Why warm-up?

In some samples such like 3_imaging_bilateralFilter,I see the program warm up(run the function bilateralFilterRGBG) before run 150 cycle…

What does this mean?

why do people clear their throat before giving a speech?

Same reason essentially.

Is this a reasonable answer?I haven’t seen this before?

The first kernel call takes longer, you don’t want to measure this in your benchmark run. It may involve a Just-in-time compilation which can take many seconds for complex kernels.

This is why you generally call each kernel once before benchmarking. Sometimes it’s also referred to as “cooking” a kernel.

Similarly, when I give a speech I don’t want to start with a broken voice, so I clear my throat before commencing.

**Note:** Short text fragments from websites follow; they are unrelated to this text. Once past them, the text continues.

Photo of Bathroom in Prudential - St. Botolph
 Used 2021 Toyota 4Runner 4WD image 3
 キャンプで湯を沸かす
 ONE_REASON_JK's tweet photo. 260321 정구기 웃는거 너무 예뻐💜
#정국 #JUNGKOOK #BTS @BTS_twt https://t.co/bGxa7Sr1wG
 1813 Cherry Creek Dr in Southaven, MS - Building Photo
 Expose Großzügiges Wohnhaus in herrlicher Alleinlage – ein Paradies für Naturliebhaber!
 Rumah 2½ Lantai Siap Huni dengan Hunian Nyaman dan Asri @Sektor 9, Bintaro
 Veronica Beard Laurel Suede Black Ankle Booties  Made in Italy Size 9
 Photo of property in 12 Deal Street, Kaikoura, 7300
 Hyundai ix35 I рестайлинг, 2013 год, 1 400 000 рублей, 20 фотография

Maybe a car analogy works better.

If you want to race someone at a stoplight, you’ll put your car into gear first and rev the engine before the light turns green. This will gives you a much faster start.

Note that “warmup” prior to a benchmark is not specific to GPUs. In general, when doing performance comparisons via benchmarking, one is interested in steady-state performance, not including one-time startup costs (special studies are sometimes conducted to address just those, where important). For example, on CPUs, there is initial overhead from “cold” caches and TLBs causing many costly misses for memory access.

One variation of the warmup scheme is the strategy used by the famous STREAM memory bandwidth test: It simply reports the best performance observed in ten consecutive runs. In addition to mitigating startup issues, this scheme also virtually eliminates the sizeable run-to-run variability often seen in “long distance” data transfers, e.g. to main system memory or across PCIe.

Perhaps you haven’t been looking at well written benchmark code.

NASA (US Space Agency) wrote NPB - NASA Parallel Benchmarks - back in the 1990’s as a general set of compute benchmarks to evaluate parallel architectures.

Those benchmarks (e.g. the CG benchmark) include an untimed “warm-up” run before they begin timing. Google for that and study those codes - they are publicly available.

This is not unique to CUDA/GPUs/NVIDIA and has been common practice in Computer Science for a long time.

Oh,I understand.Thanks you very much for answering.